── DATA PROVIDED

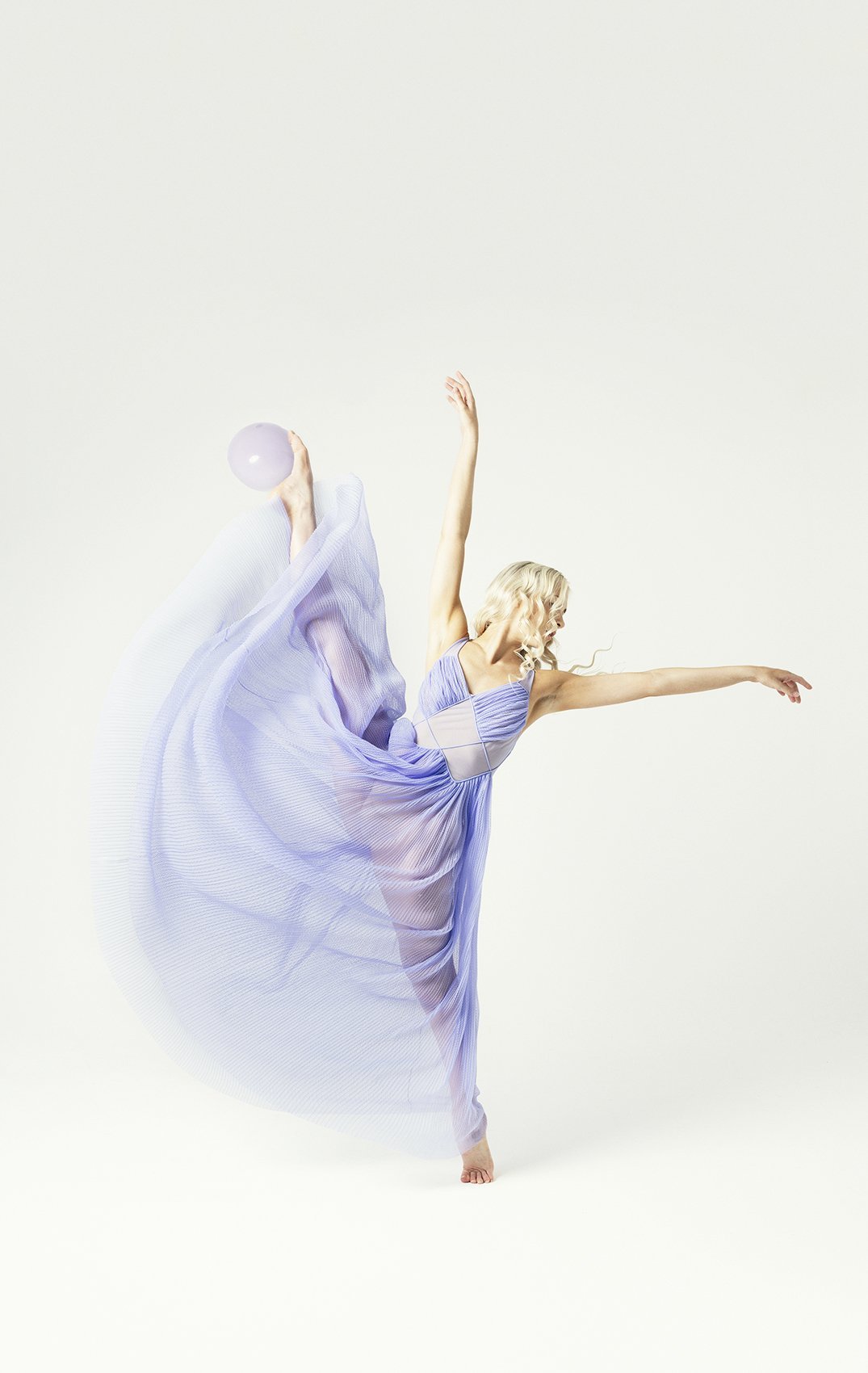 Woman with leg and arm touching in the air during Motion Dance Portrait Session with Beauclair Photography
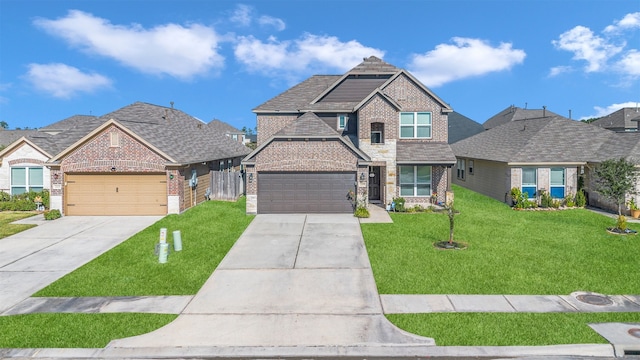 view of front facade featuring a front yard and a garage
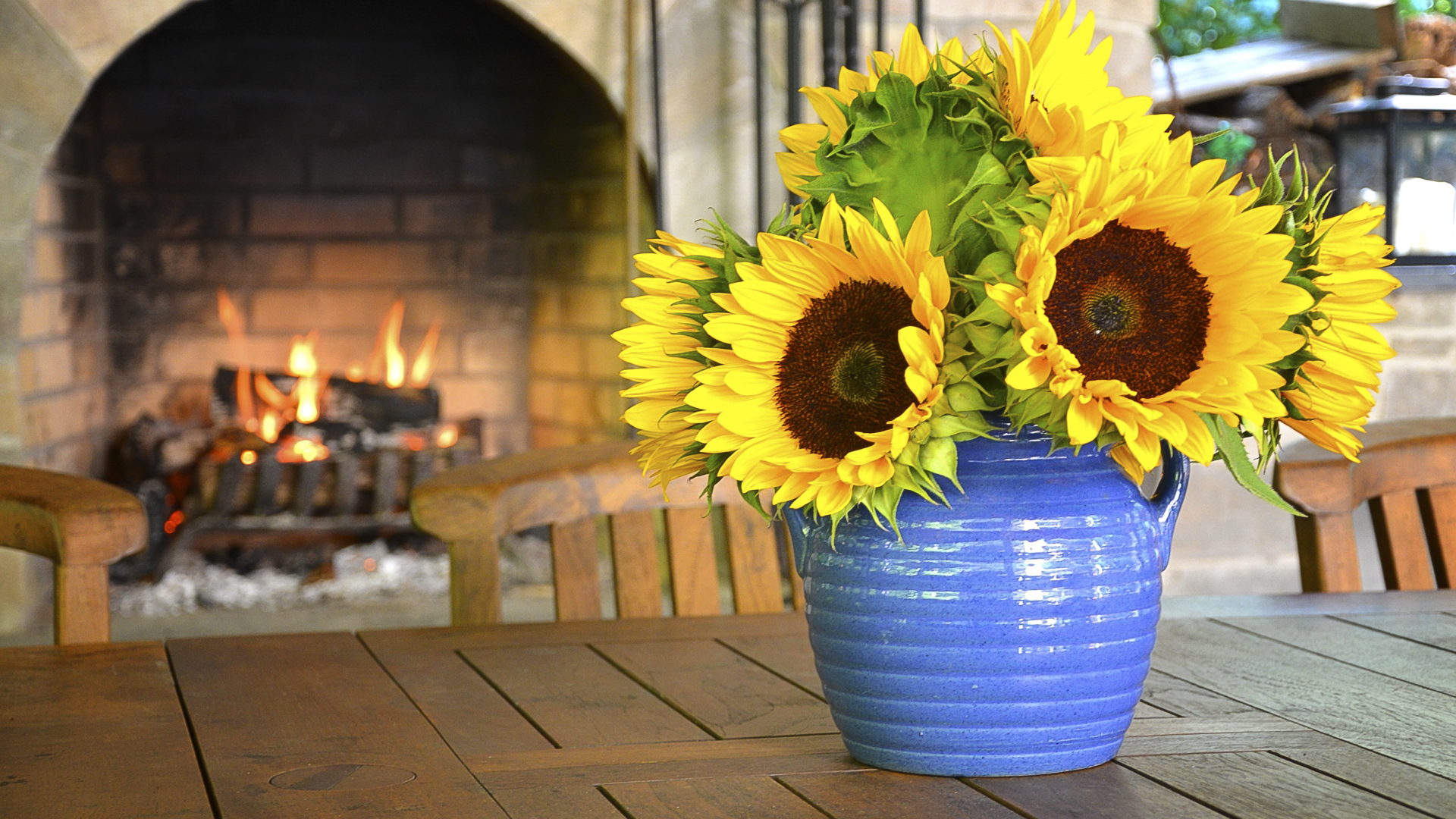 Flowers in front of fireplace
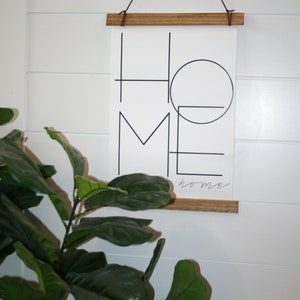 May include: A black and white print with the word "home" written in a geometric style. The print is hanging on a white wall with a wooden frame and brown string.
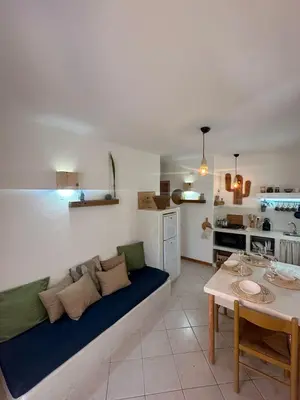 a living room with a couch and a table at Boutique Apartments Ibiscus in Santa Maria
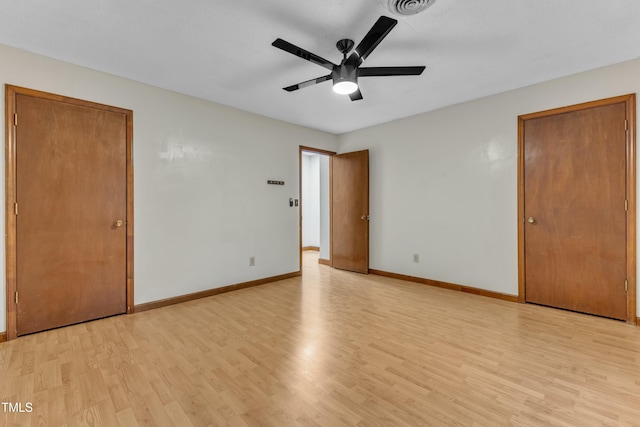 unfurnished bedroom featuring light wood-type flooring, baseboards, and ceiling fan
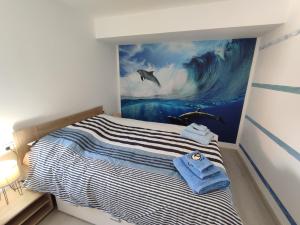 Postel nebo postele na pokoji v ubytování Casa Máxica de Oia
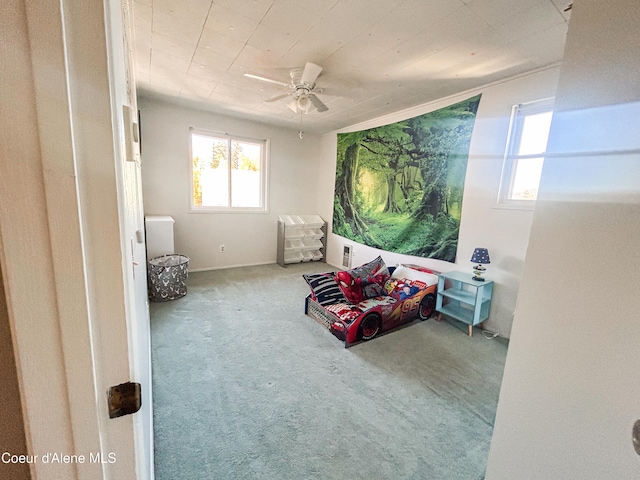 carpeted bedroom with ceiling fan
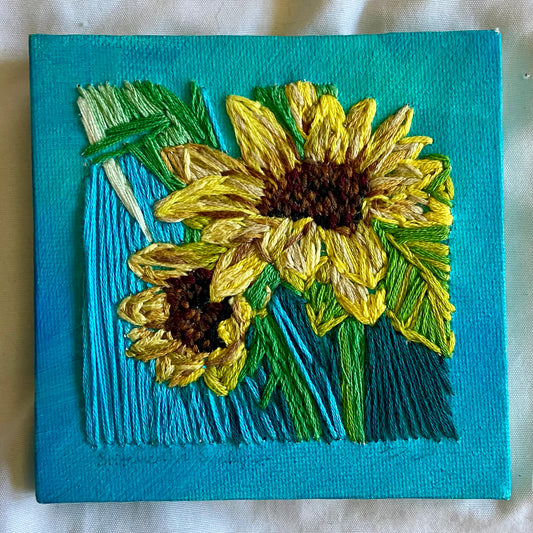 A small square painting made by embroidering two sunflowers onto a teal canvas. 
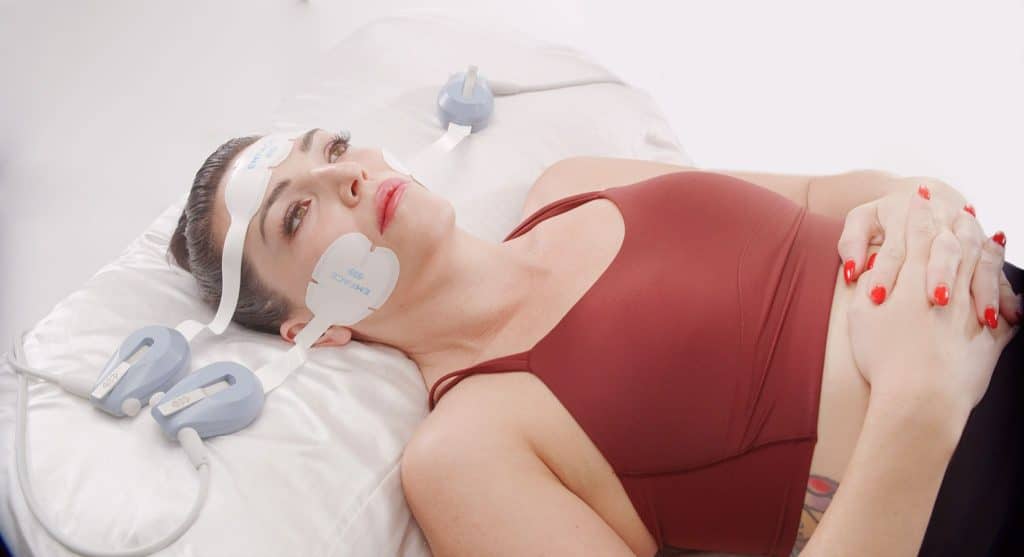 Patient lying down during an EMFACE treatment with applicators on the face.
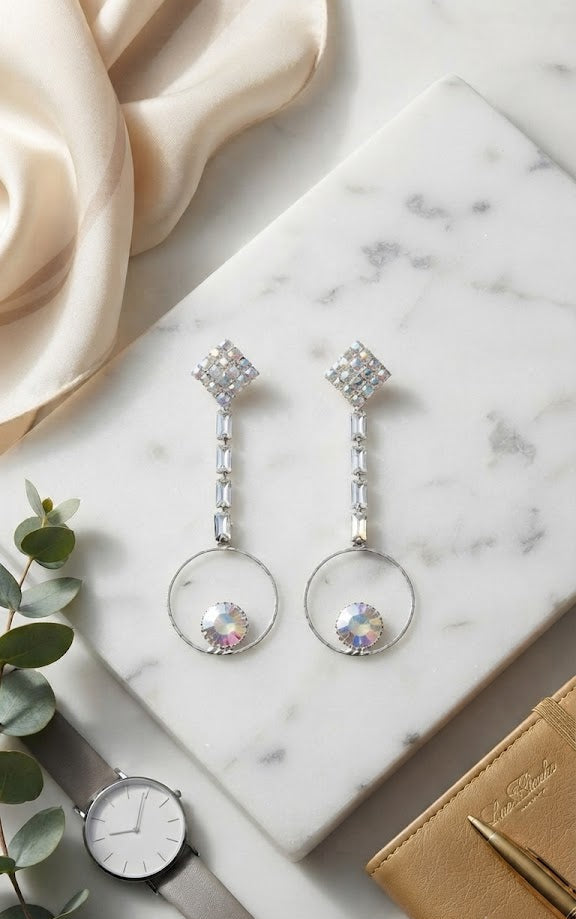 Aurora crystal hoop drop earrings on dark velvet with Dior books and gloves – AureliaBlends editorial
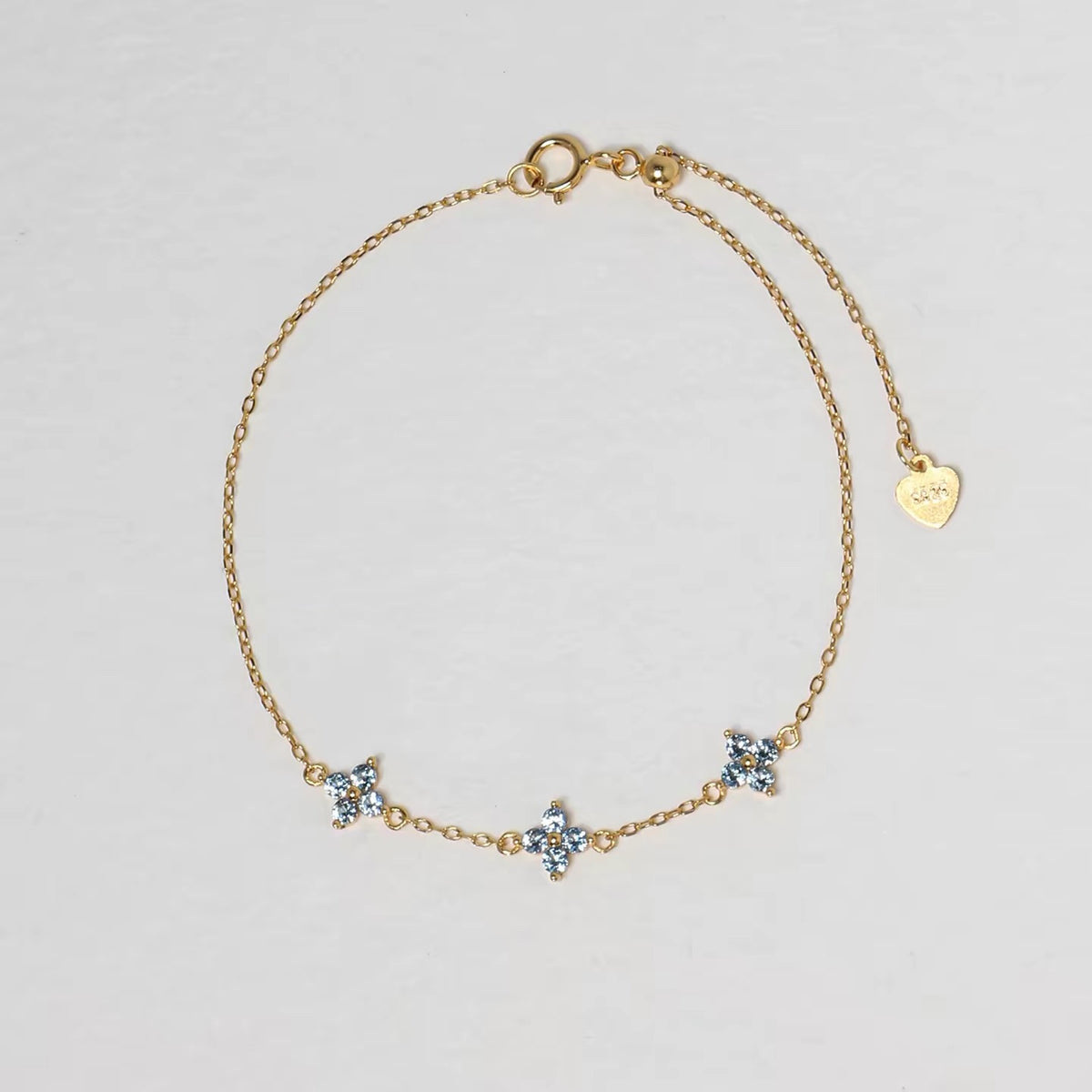 Clover Bracelet in gold with three pale blue four-petal floral stones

────

TRY IT –
Wording must stay exact. Give again the lines from the line with "Postel nebo postele" through the last line of the listing, both ends included, without pictures.

THE COMPLETED TASK –
 Postel nebo postele na pokoji v ubytování Casa Máxica de Oia
 carpeted bedroom with ceiling fan
 A small square painting made by embroidering two sunflowers onto a teal canvas. 
 Patient lying down during an EMFACE treatment with applicators on the face.
 Aurora crystal hoop drop earrings on dark velvet with Dior books and gloves – AureliaBlends editorial
 Clover Bracelet in gold with three pale blue four-petal floral stones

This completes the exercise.